In this post, I’m going to oversimplify decades of academic research to make a more colloquial point. I’ll also ad-lib a bit, so even though these thoughts below are not mine, they’re my own interpretation, for better or worse. In this post, I’ll try to weave together two lines of thought.
The first concerns information theory, where one believes that often the most valuable information to an individual sits on the edge of their own networks (work, personal). The everyday example I would use here is a site like Craigslist — every time I’ve had to move, I’ve been able to get free moving boxes or get rid of them within minutes of checking or posting to Craigslist. While I don’t have connections with these people, in that moment, our interests are aligned and what’s most valuable to us for this use case lies at the very edge of our networks, helped out by Craigslist’s ability to route supply and demand. (Rohit’s blog post here gives an interesting take on information theory and networks as it applies to venture capital.)

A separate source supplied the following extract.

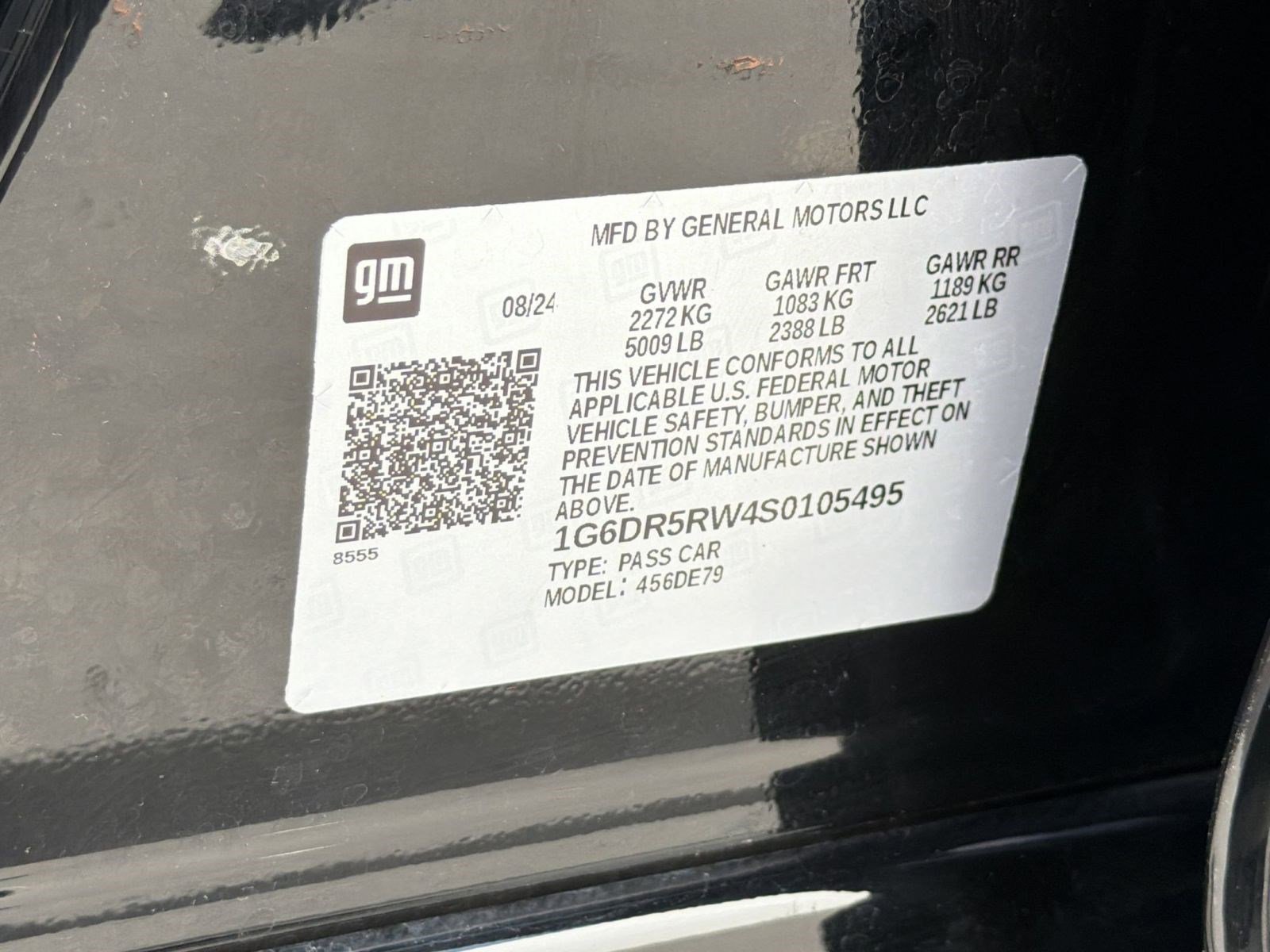 Certified 2025 Cadillac CT5 V RWD image 19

The second is about the strength of weak ties, which I’m sure many have been exposed through in Adam Grant’s “Give And Take,” which features a living master of this art, Adam Rifkin. The idea is pretty straight-forward: There is enormous value in the weak ties we have with acquaintances, people we sort of know but don’t really know or may never know. You’ve probably heard many stories (or experienced it first-hand) where someone meets their significant other, or finds a job, or a great apartment in NYC simply by intensely connecting with a “weak tie” in their network — the value did not arise from the people they know best.

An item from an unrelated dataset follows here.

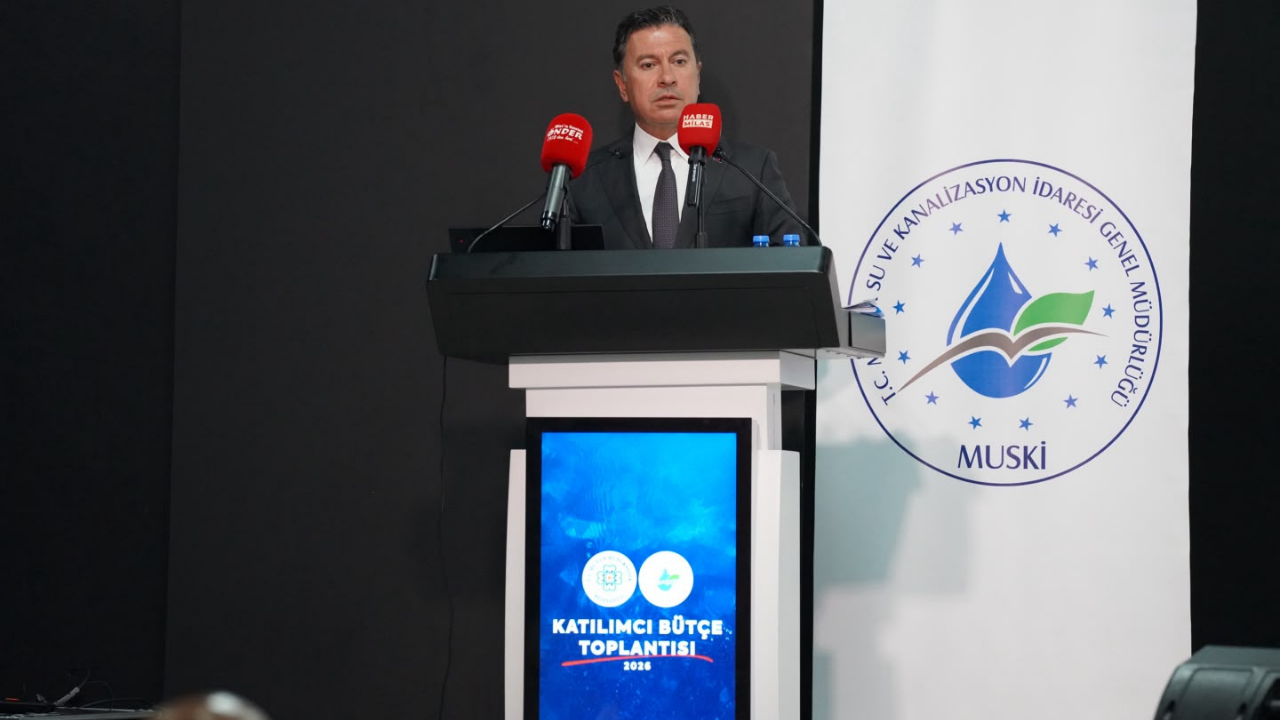 Ahmet Aras: Vatandaşın çeşmesinden su aksın yeter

In early-stage investing, it’s important to gather, sort, and process information that other people do not have (yet). While many groups try to figure out how to see every deal or opportunity that exists, I do not believe that’s possible. Rather, I believe investors can see more opportunities the more they work the very edges of their network (and their partners’ networks), and this is why professional investors are always in meetings, including when pitches where investors carry little to no intention of ever funding that particular company. (One classic investor trick is for him/her to ask someone about the companies or apps they like, a continuous hunt for actionable information on the edge of their networks.)
In a game where information isn’t evenly distributed and knowing pieces of information even hours before others can be critical, information theory applied to early-stage investing is, indeed, critical — and I have experienced this myself, first-hand.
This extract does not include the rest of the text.